02 setembro 2009

Voz no jazz



O instrumento mais difícil de tocar é a voz. Todos os outros se tocam com as mãos, dedos, pés ou boca. A voz se toca com o corpo. Ouvido, cérebro, garganta, língua, dentes, músculos, pulmões, diafragma, quadris, joelhos e pés interagem para fazer com que todo o corpo se torne um grande instrumento que faz vibrar o ar por meio das cordas vocais e produzir um som que é único, individual. Um som que, literalmente, respira. Vive.

Todos temos voz. Todos nós cantamos - quando falamos, entoamos notas rapidamente. A diferença é que, na canção, congela-se a duração das sílabas para que possamos saborear as palavras embaladas pela melodia, sentindo cada nota e cada verso como uma poesia sonora. Para se conseguir esse efeito, é necessário técnica, estudo e talento.

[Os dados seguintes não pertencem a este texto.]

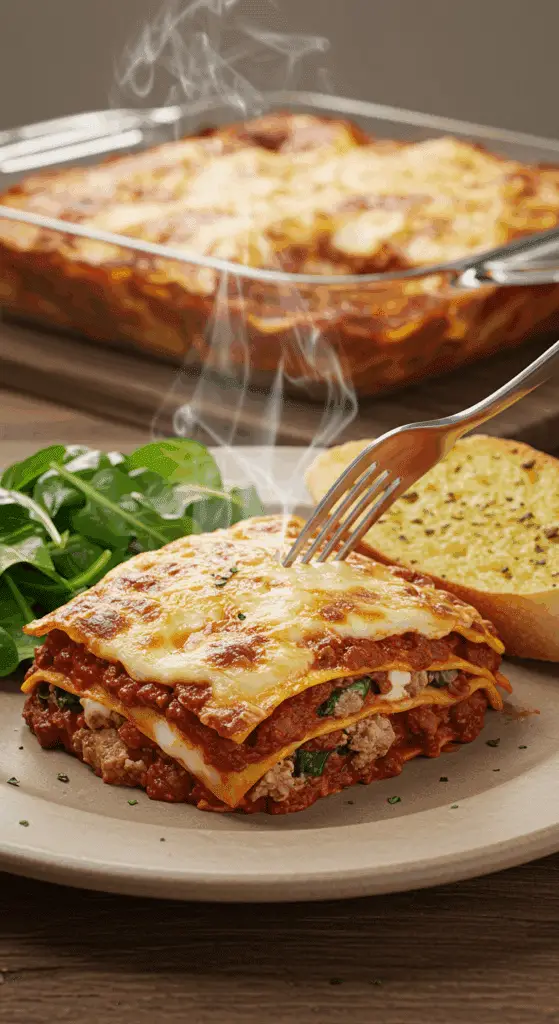 A cozy plate of homemade, cheesy and creamy Lasagna Caprese being served for a family dinner.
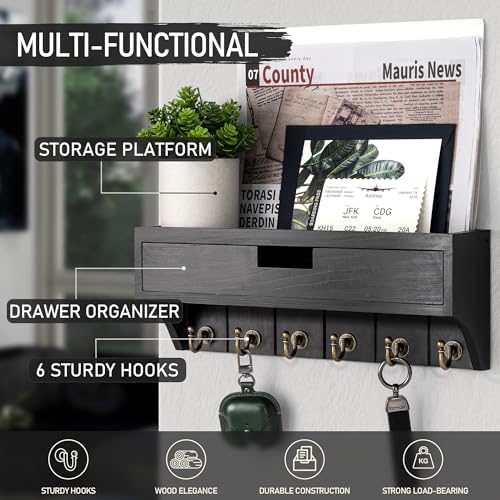 Rebee Vision Key Holder Wall Mount with Drawer, Shelf for Room Decor, Black - Image 3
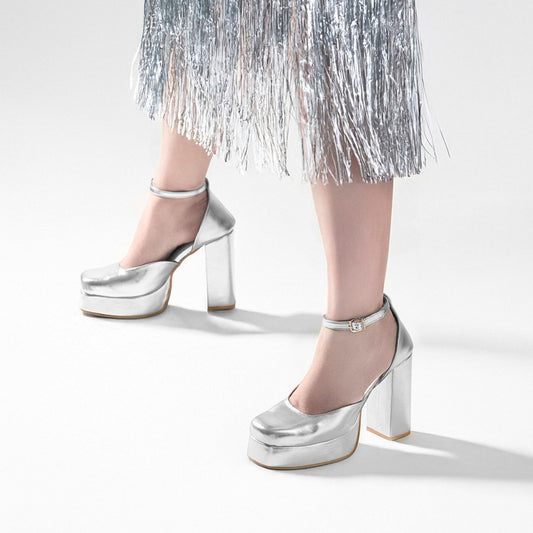 Silver  Platform Block Heels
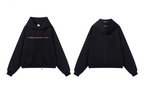 BLIND NO PLAN Double-Layer Patchwork Zipper Printed Hoodie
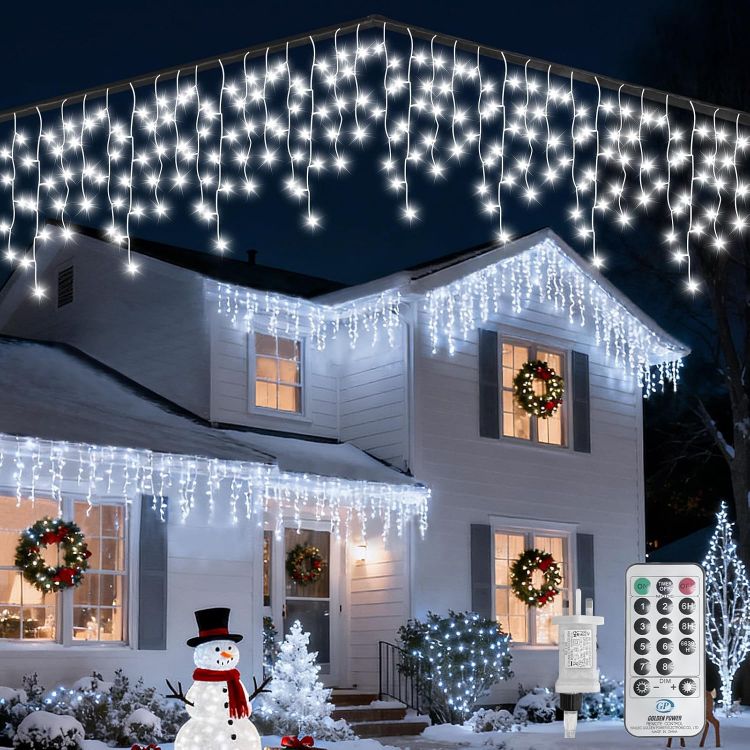 Picture of 430 LED 14M+10M/78.7FT Xmas Snowing Icicle Light, 78 Drops 8 Modes Waterproof Timer Indoor/Outdoor Icicle Christmas Decorations Lights for Roof, Garden (Cool, 14M)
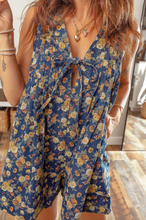 Load image into Gallery viewer, Pre-Order Blue Retro Floral Print Bow Tie V Neck Sleeveless Pleated Loose Denim Romper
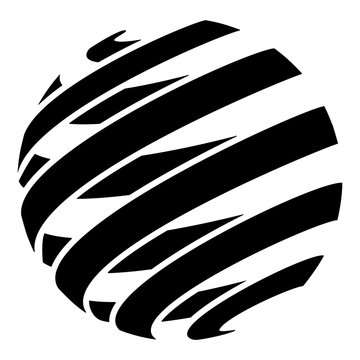 Spiral Ribbon Sphere Isolated Vector Illustration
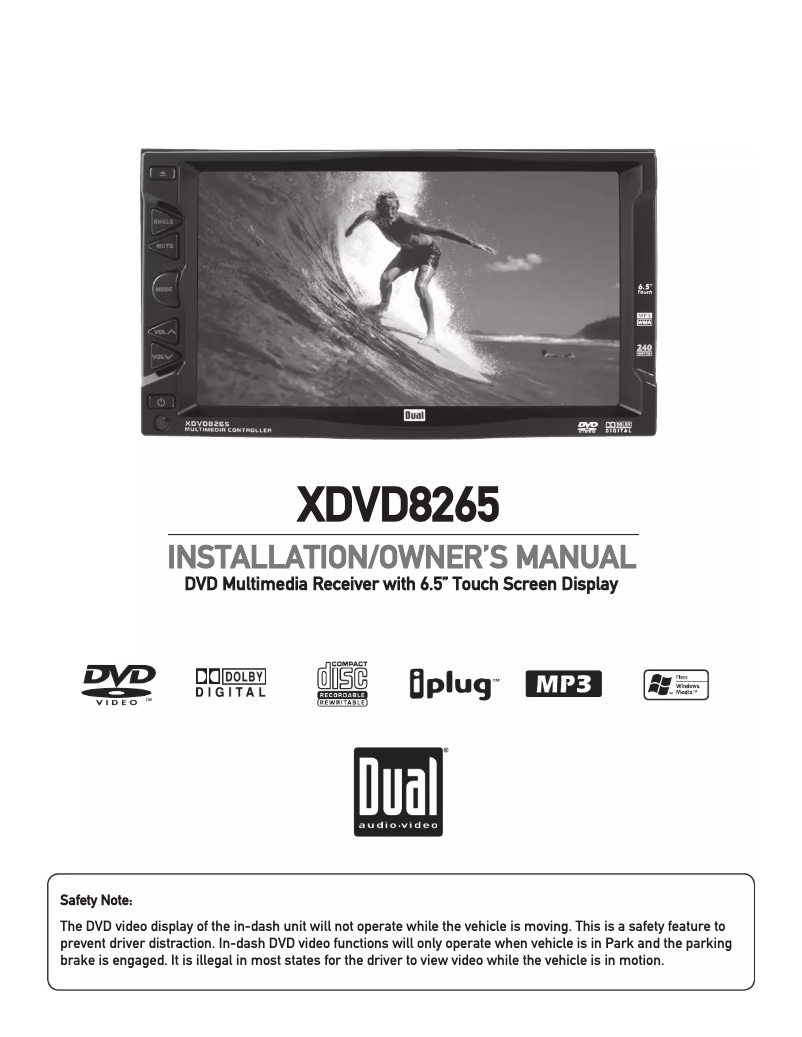First page image of the manual for XDVD8265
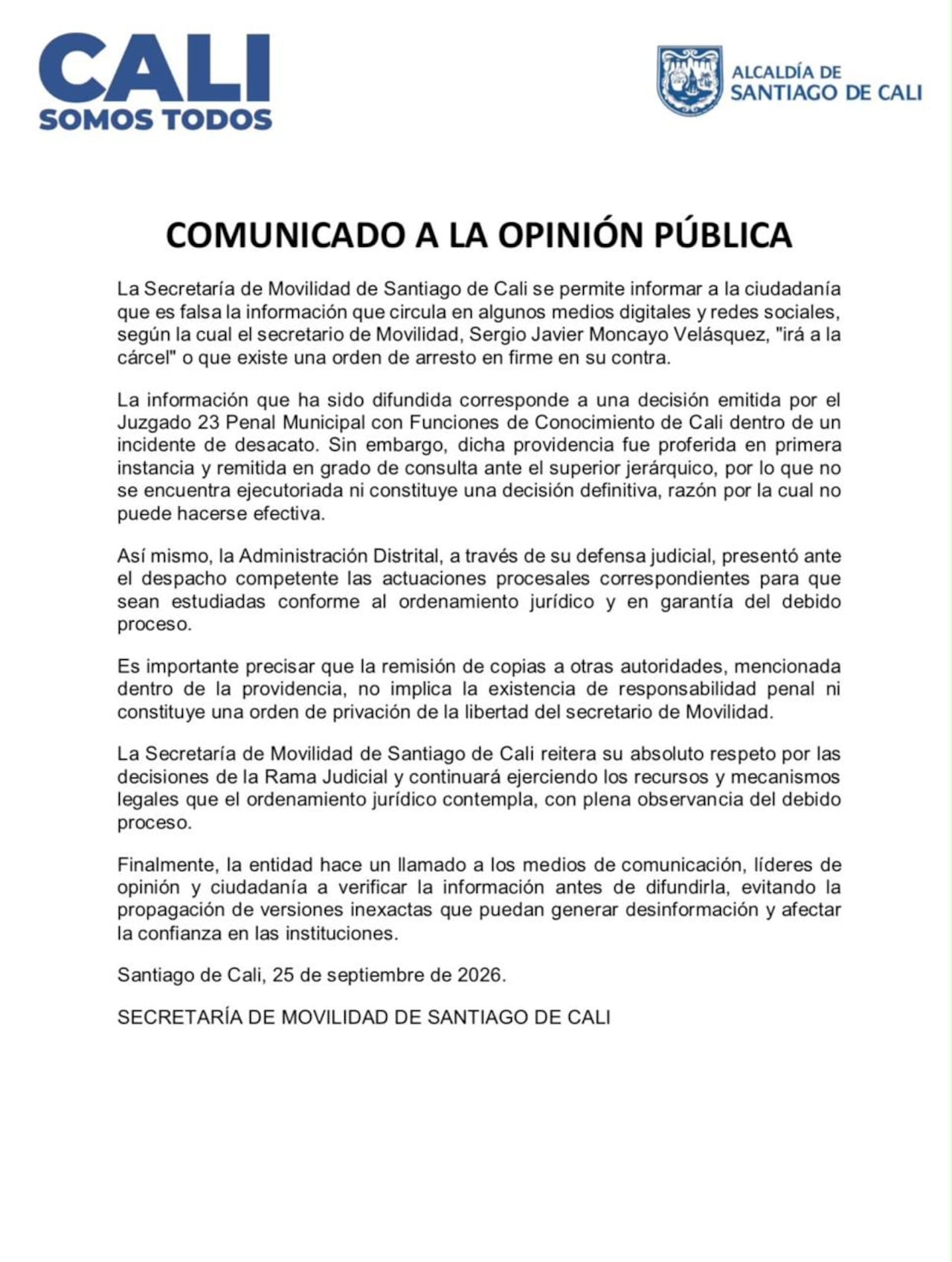 Este es el comunicado emitido por la Secretaría de Movilidad frente a la supuesta orden de arresto contra Sergio Moncayo.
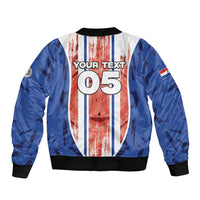 Custom Paraguay Football Bomber Jacket Trophy Grunge Stripes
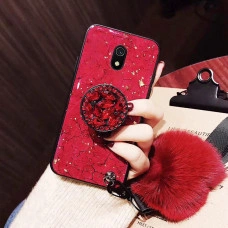 Силіконовий чохол з попсокетом та хутряним помпоном для Xiaomi Redmi 8a Червоний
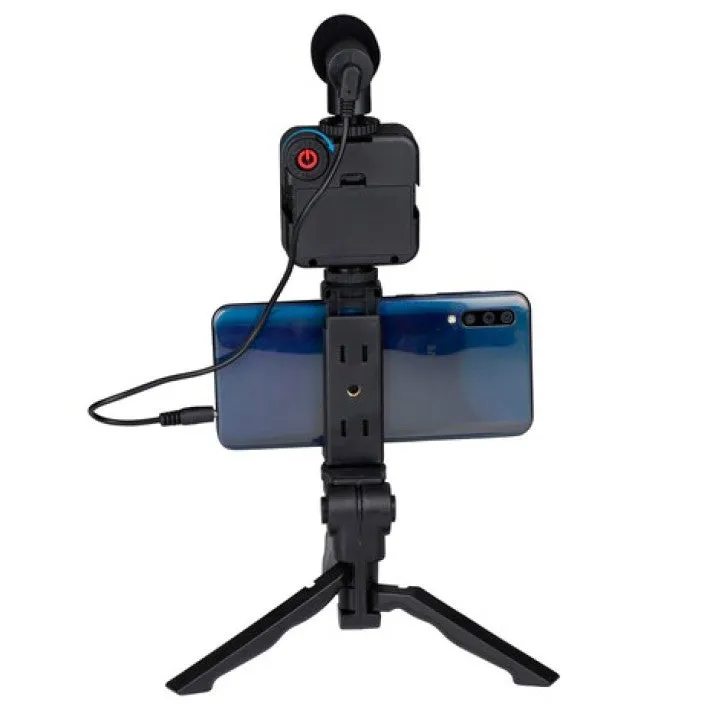 Grundig ED-38135: Kit 3 en 1 de estudio selfie para vlogging con iluminación, micrófono y trípode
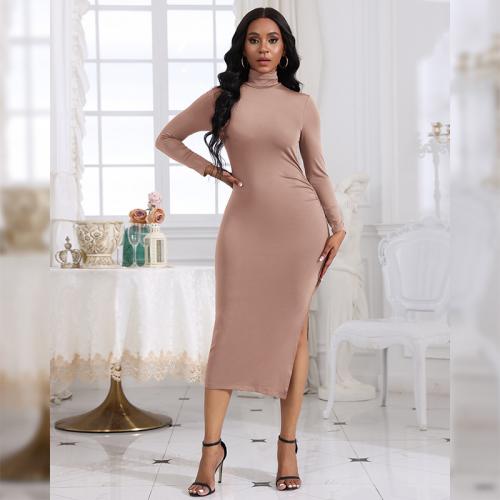 Milk Fiber Waist-controlled Sexy Package Hip Dresses side slit & breathable Solid PC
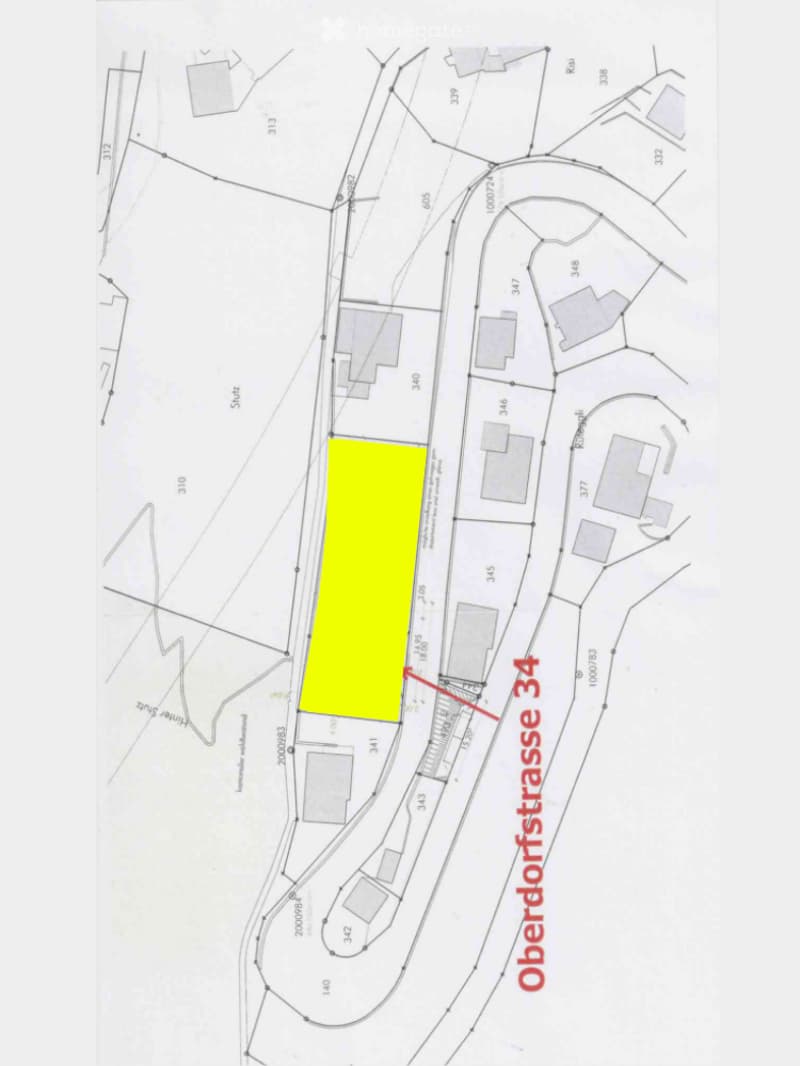 The image shows a floor plan or site plan with a highlighted rectangular plot of land labeled 'Oberdorfstrasse 34'.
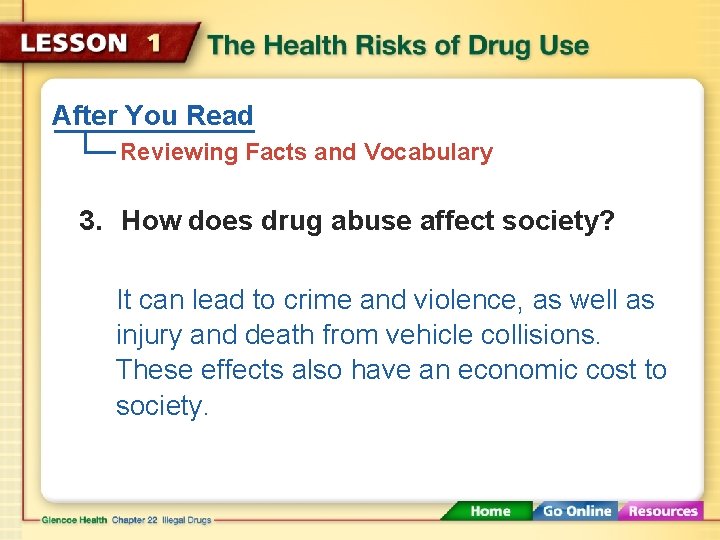 After You Read Reviewing Facts and Vocabulary 3. How does drug abuse affect society?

No jazz, o cantor tem ainda a difícil missão de fazer com que seu instrumento seja capaz de improvisar. Ir além da melodia, dando novas direções para os sons. Ir além da letra, criando versos, tirando ou colocando palavras, reorganizando a mensagem para alcançar sentimentos que se produzem naquele momento único que é a hora do show. Ser capaz de entender tão bem a harmonia para que possa abandoná-la, sem medo de andar na corda bamba que separa o improviso da embromação, desafiando a desafinação.

Ella Fitzgerald elevou ao mais alto nível a arte de improvisar com a voz no jazz. Poucas a alcançaram. Talvez apenas Sarah Vaughn ou Billie Holliday estejam no mesmo patamar, por terem o poder de emanar sentimentos ímpares com seus timbres e interpretações únicos. Todas acrescentaram glamour, virtuosismo, dramaticidade ou tudo isso junto às suas melodias preferidas. E todas são herdeiras do estilo divertido e suingante das intervenções de Louis Armstrong em suas gravações, pois ele literalmente inventou o estilo scat de improvisar, com aqueles bah-bah-dah-boo-dap-doo (a lenda diz que ele teria derrubado a letra no chão do estúdio e teria começado a fazer esses sons para encher linguiça...).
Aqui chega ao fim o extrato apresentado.